• Work to be completed:
Nothing but the lines below from the one containing "Hummel Hummel Sportjas" through the one containing "[ALECHINSKY, ARMAN, BAJ, BELLMER, MIRÓ, etc.]." should appear in the answer, exact and without pictures.
** Information provided follows **
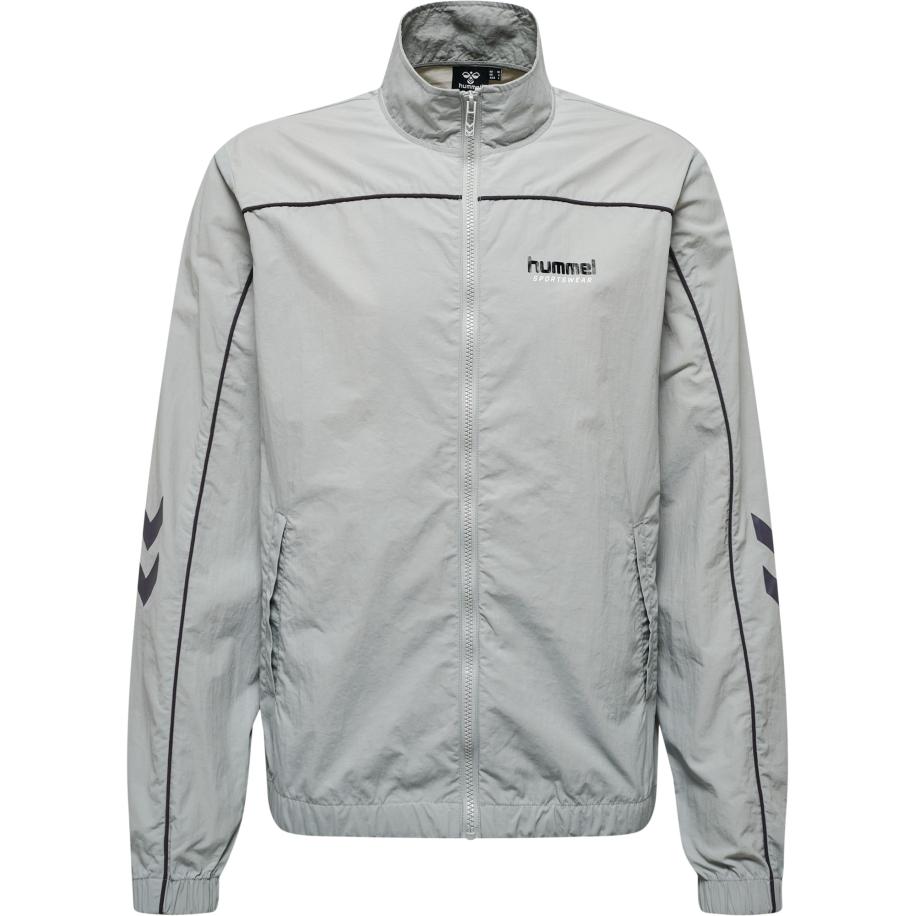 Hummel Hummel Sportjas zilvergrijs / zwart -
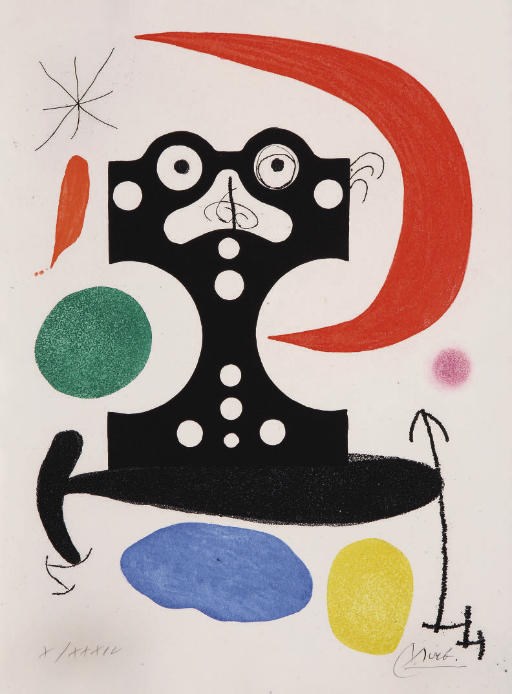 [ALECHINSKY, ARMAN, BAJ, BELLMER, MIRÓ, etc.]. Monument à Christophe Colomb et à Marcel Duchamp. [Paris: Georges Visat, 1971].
** End of Information provided **
** Information provided follows **
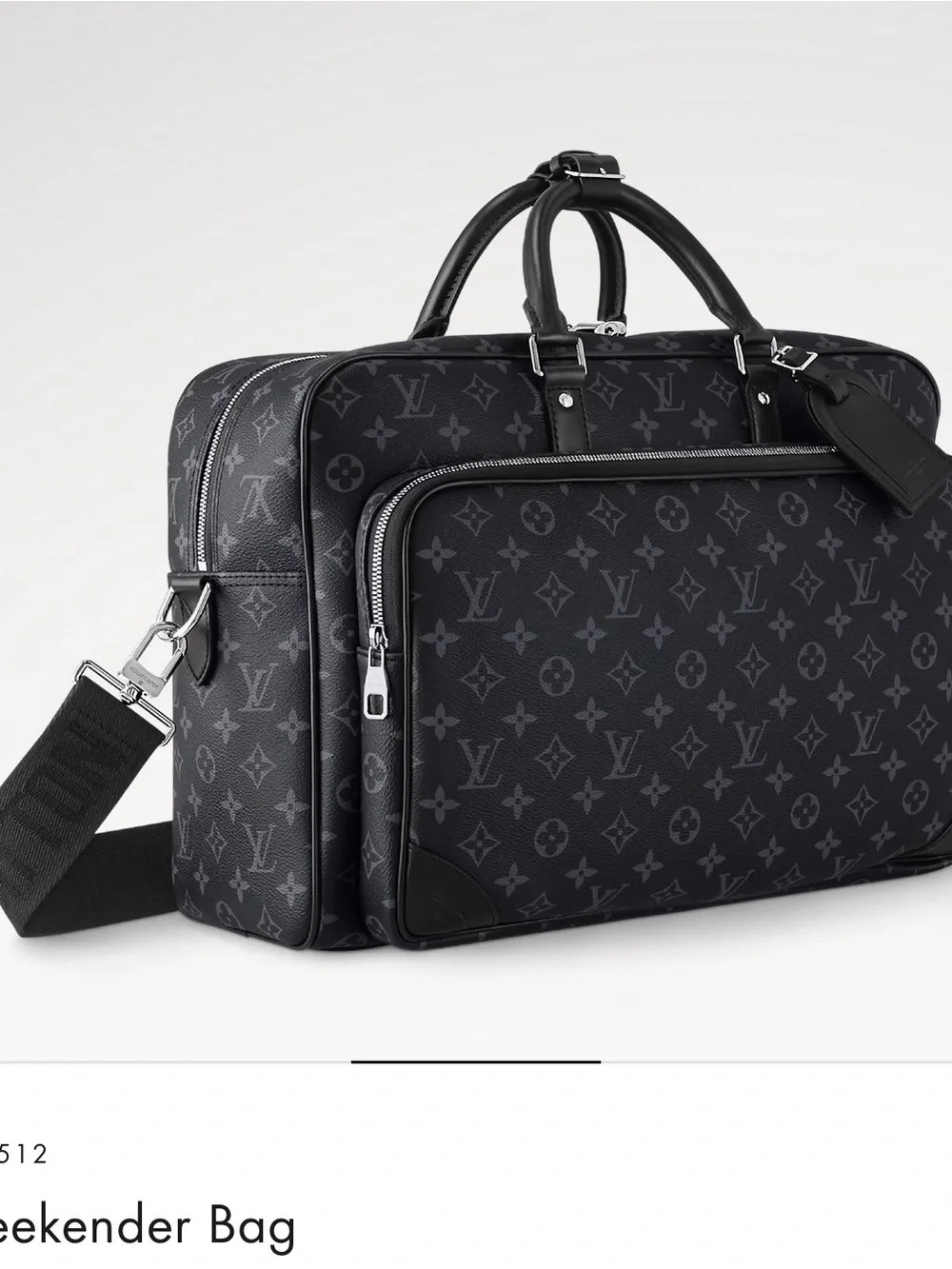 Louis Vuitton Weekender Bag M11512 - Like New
** End of Information provided **
• Task result:
 Hummel Hummel Sportjas zilvergrijs / zwart -
 [ALECHINSKY, ARMAN, BAJ, BELLMER, MIRÓ, etc.]. Monument à Christophe Colomb et à Marcel Duchamp. [Paris: Georges Visat, 1971].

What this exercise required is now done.